:: DATA UNDER STUDY ::
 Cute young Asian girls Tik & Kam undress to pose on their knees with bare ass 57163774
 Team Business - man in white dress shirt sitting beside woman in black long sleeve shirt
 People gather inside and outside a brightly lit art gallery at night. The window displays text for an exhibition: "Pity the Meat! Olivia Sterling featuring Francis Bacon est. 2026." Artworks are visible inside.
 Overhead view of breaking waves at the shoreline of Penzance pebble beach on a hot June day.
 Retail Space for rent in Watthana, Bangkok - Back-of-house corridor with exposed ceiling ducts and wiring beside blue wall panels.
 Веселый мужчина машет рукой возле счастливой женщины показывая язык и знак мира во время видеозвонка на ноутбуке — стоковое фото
--
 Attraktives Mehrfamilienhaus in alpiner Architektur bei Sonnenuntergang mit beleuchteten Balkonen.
--
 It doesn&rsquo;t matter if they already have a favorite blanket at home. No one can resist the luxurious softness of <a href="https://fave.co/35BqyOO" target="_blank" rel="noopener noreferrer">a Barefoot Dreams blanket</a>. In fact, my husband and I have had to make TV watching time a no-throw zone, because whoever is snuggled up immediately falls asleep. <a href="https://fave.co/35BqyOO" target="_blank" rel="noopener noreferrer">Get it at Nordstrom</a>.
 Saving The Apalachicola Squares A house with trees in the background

:: ABOUT THIS TASK ::
Above are the entries. Copy exactly the part that opens with the line containing "Cute young Asian" and closes with the line containing "Веселый мужчина машет", and no more.

:: FINISHED EXERCISE ::
 Cute young Asian girls Tik & Kam undress to pose on their knees with bare ass 57163774
 Team Business - man in white dress shirt sitting beside woman in black long sleeve shirt
 People gather inside and outside a brightly lit art gallery at night. The window displays text for an exhibition: "Pity the Meat! Olivia Sterling featuring Francis Bacon est. 2026." Artworks are visible inside.
 Overhead view of breaking waves at the shoreline of Penzance pebble beach on a hot June day.
 Retail Space for rent in Watthana, Bangkok - Back-of-house corridor with exposed ceiling ducts and wiring beside blue wall panels.
 Веселый мужчина машет рукой возле счастливой женщины показывая язык и знак мира во время видеозвонка на ноутбуке — стоковое фото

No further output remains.